By Marco Torres November 09, 2017 0 comments

This year ACEP 2017 took place in Washington D.C. from Oct. 29th – Nov 1st, 2017.   There were lots of amazing speakers and topics as was evidenced by the eruption of everyone’s twitter feeds with the #ACEP17 hashtag.  I was fortunate enough to attend this amazing conference and approached by several attendees if I would put together a list of my favorite pearls from this conference.  I decided to put a top 10 list together, in no particular order.

Pearl #1: The Diagnostic Performance of Computer Programs for Interpretation of of ECGs[1]

  • What They Did: Comparison of 9 ECG computer programs vs 8 cardiologists interpreting 1220 clinically validated cases of various cardiac disorders
  • Control patients = 382
  • LVH = 183
  • RVH = 55
  • Anterior MI = 170
  • Inferior MI = 273
  • Median Correct Diagnosis:
    • Computer Programs: 91.3%
    • Cardiologists 96.0%
    • p < 0.01
  • Median Sensitivity to Diagnose Anterior MI
    • Computer Programs: 77.1%
    • Cardiologists: 84.9%
    • p < 0.01
  • Median Sensitivity to Diagnose Inferior MI:
    • Computer Programs: 58.8%
    • Cardiologists 71.7%
    • p < 0.001
  • The median total accuracy level (percentage of correct classifications was 6.6% lower for computer programs than cardiologists (69.7% vs 76.3%)
  • Study Bottom Line: Don’t rely on the computer for ECG interpretations

Pearl #2: Hyperkalemia is the “Syphilisof ECGs [2]

  • What They Did: Collected 188 ECGs of patients with severe hyperkalemia (K+ ≥6.5mEq/L)
  • Adverse events occurred within 6 hours in 28 patients (15%)
    • Symptomatic Bradycardia in 22 patients (12%)
    • Death in 4 patients (2%)
    • Ventricular Tachycardia in 2 patients (1%)
    • CPR in 2 patients (1%)
  • All adverse events occurred prior to treatment with calcium
  • Most Common ECG Findings Predicting Adverse Outcomes:
    • QRS prolongation 79%
    • Bradycardia (HR <50 bpm) 61%
    • PR Prolongation 50%
    • Junctional Rhythm 39%
    • Peaked T Waves 25%
  • We have written about this before on REBEL EM: ECG Changes of Hyperkalemia
  • Study Bottom Line: When ACLS is not working, think tox or hyperK+ (i.e.

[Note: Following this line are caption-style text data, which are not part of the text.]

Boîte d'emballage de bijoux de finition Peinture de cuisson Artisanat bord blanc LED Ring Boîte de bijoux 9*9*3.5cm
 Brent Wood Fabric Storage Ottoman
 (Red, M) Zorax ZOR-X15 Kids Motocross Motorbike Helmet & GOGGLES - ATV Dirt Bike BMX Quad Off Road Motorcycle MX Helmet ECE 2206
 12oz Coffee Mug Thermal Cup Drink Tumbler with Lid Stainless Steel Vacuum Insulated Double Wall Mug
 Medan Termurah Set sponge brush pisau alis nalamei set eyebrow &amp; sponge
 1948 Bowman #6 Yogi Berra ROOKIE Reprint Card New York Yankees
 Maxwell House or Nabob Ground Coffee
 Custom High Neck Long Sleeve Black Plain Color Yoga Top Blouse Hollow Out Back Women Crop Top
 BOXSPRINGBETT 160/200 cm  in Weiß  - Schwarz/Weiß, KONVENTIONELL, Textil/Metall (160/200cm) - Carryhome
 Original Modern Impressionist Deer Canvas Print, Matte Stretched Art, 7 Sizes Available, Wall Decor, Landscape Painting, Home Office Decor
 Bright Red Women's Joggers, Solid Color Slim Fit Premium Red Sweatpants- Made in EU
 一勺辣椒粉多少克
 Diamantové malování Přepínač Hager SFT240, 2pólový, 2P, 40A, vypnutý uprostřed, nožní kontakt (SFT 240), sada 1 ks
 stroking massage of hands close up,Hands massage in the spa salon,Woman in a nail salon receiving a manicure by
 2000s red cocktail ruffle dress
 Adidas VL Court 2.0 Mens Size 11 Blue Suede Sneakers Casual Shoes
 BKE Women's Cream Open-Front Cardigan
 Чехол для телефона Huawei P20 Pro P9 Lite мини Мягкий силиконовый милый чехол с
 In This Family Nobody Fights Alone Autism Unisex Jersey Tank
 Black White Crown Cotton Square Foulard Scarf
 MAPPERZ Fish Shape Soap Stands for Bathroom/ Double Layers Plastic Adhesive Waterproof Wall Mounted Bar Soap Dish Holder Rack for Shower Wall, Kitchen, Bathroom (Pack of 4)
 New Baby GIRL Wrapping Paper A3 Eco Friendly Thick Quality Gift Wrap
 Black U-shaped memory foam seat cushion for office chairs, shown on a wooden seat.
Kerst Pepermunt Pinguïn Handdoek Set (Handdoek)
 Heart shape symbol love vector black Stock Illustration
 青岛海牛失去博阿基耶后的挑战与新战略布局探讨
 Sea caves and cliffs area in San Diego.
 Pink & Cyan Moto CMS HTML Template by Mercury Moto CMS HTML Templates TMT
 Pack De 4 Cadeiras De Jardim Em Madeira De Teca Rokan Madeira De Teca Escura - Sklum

In a code situation, just give Calcium prior to K+ level as there is really no downside to doing this)

Pearl #3: Tidal Volume on the Ventilator is Based off IDEAL BODY WEIGHT not Actual Body Weight

  • Lung Size for a 250lb and 100lb patient of the same height are essentially the same

Pearl #4: If you Have a Critical Patient and Can’t Get IV Access Consider These Options [3] [4]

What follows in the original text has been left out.